1) Lipid droplet induction due to CIDE proteins
The study of factors that control lipid storage in different tissues is essential for understanding and controlling metabolic disorders. Cellular lipid storage is determined by a group of proteins that coat lipid droplets and facilitate storage or utilisation by regulation of metabolic processes. In mammalian cells, these lipid-coating proteins are members of the PAT (perilipin-ADRP-TIP47) domain family, which include perilipin, ADRP (or adipophilin), TIP47, S3-12 and MLDP/OXPAT. Recently, additional proteins, including CIDEA by our own investigations, have been discovered to have important roles in lipid droplet formation and function. We found that CIDEA can induce lipid droplets in non-adipocyte cells and is localized on the surface of these organelles. We are investigating the regulation and in vivo roles of CIDEA and the related proteins CIDEB and FSP27 in lipid accumulation.
2) Characterising the temperature dependent switch from white to brown adipocytes
As part of the DIABAT consortium (www.diabat.org) we are defining the genes that promote brown fat induction, transdifferentiation and activation of the energy expenditure program will provide new applications for combating the obesity epidemic. We aim to (i) determine the factors and pathways that define the switch from WAT to BAT-like adipocytes following cold exposure and (ii) identify the genes and pathways that discriminate WAT and BAT depots. As visceral WAT is considered significantly more detrimental to metabolic health in comparison to subcutaneous WAT (iii) we are also characterizing the pathways and genes that discriminate these two white fat depots.

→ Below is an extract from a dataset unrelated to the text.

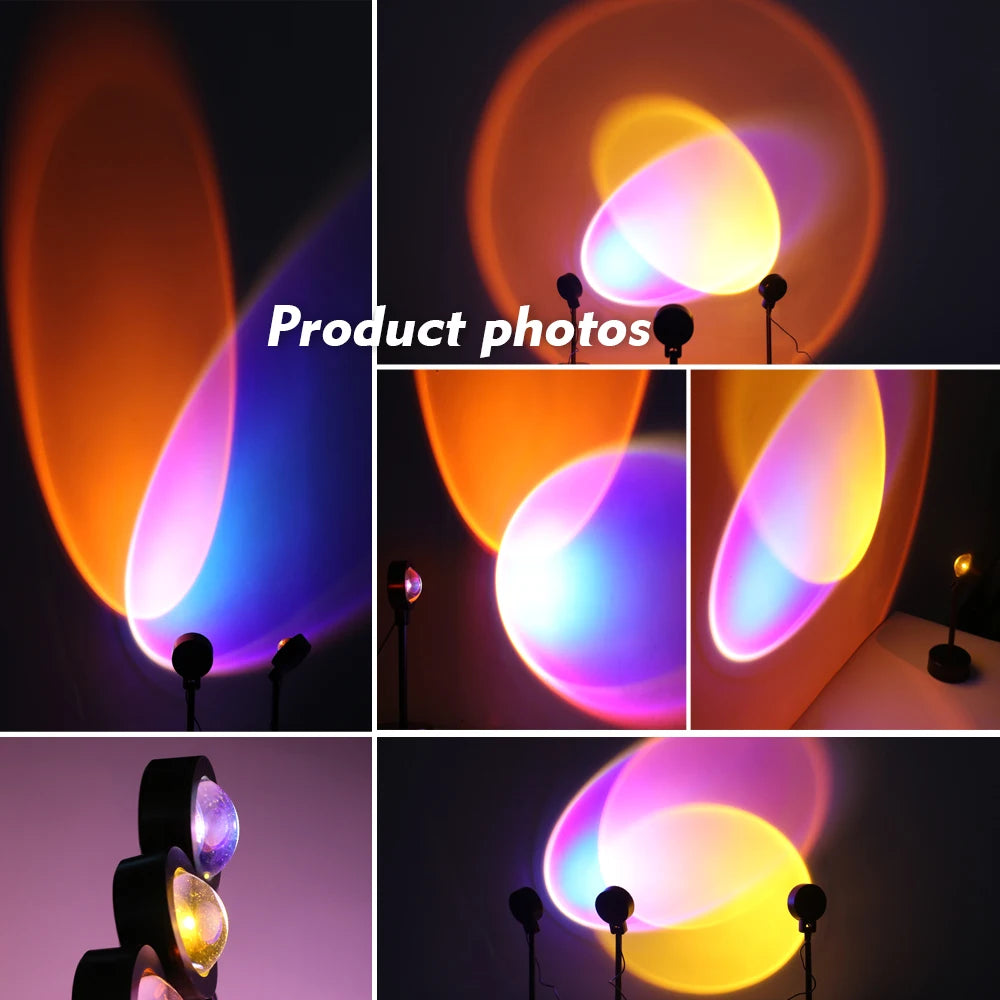 projecteur lumière led noir multicolore moderne minimaliste translucent support tige base circulaire diffuseur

3) The role of fatty acid signalling in adipocyte biology
Dietary fat has been correlated with obesity since it induces the proliferation and differentiation of pre-adipocytes. However it has become clear that the effect of fat on human health depends on the composition and the nature of fatty acids. We are studying intracellular signalling and G protein-coupled receptor signalling mediated by fatty acids in adipocyte cell systems.

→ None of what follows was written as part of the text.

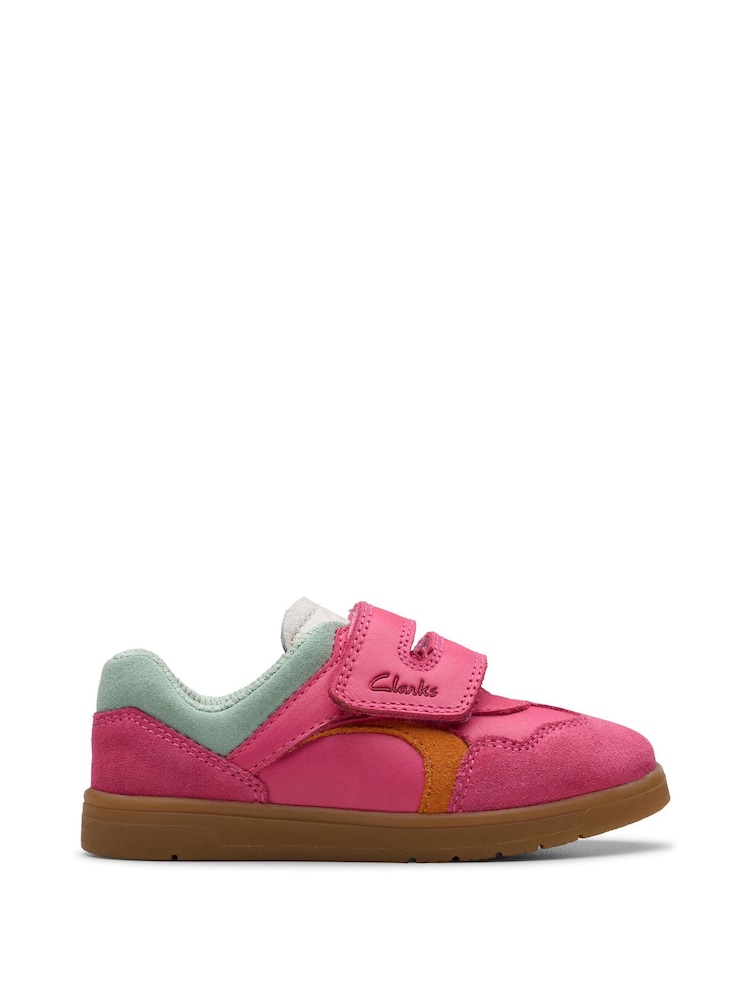 Clarks Pink Standard Fit (F) Disco Vibe Trainers - Image 1 of 7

4) The importance of microRNAs in endometrial differentiation
MicroRNAs (miRNAs) are genomically encoded, small, non-coding RNAs that regulate gene expression by controlling translation or stability of mRNAs. There are greater than 400 miRNAs identified, many of which display tissue specific expression patterns. They are key components in the regulation of developmental events and are required for cell fate specification and differentiation. During the menstrual cycle, ovarian estradiol and progesterone stimulate the ordered growth and differentiation of endometrial tissue compartments. We are studying microRNAs and their target genes involved in decidualization of human endometrium, defining their roles in regulating decidual cell function and examining if aberrant microRNA expression is associated with reproductive failure.